:: RAW DATA ::
↓↓↓
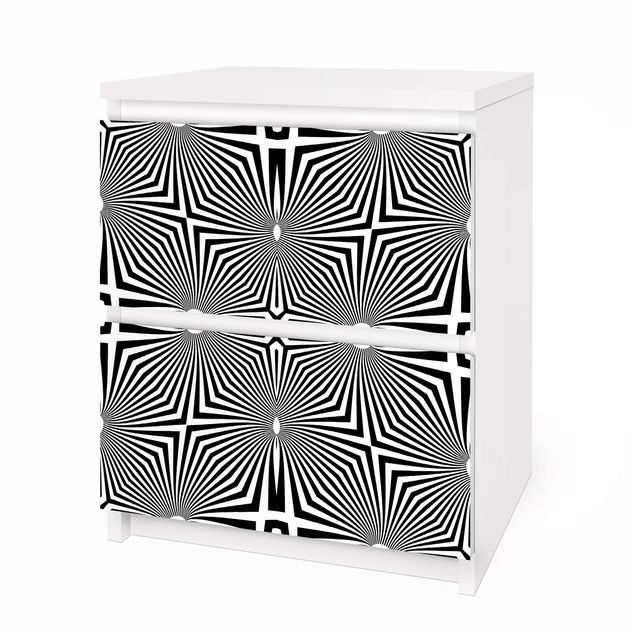 Okleina meblowa IKEA - Malm komoda, 2 szuflady - Abstrakcyjny ornament czarno-biały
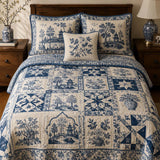 Blue Willow Floral Quilted 3-Piece Bedding Set – Luxury Quilted Bedding with Matching Pillow Shams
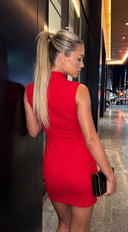 Nyvella Keyhole Mini Dress - Red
↑↑↑
:: WHAT TO PRODUCE ::
The lines from the one containing "Blue Willow Floral" to the end of the material must be output exactly, both ends included; no picture may appear.

:: TASK RESPONSE ::
 Blue Willow Floral Quilted 3-Piece Bedding Set – Luxury Quilted Bedding with Matching Pillow Shams
 Nyvella Keyhole Mini Dress - Red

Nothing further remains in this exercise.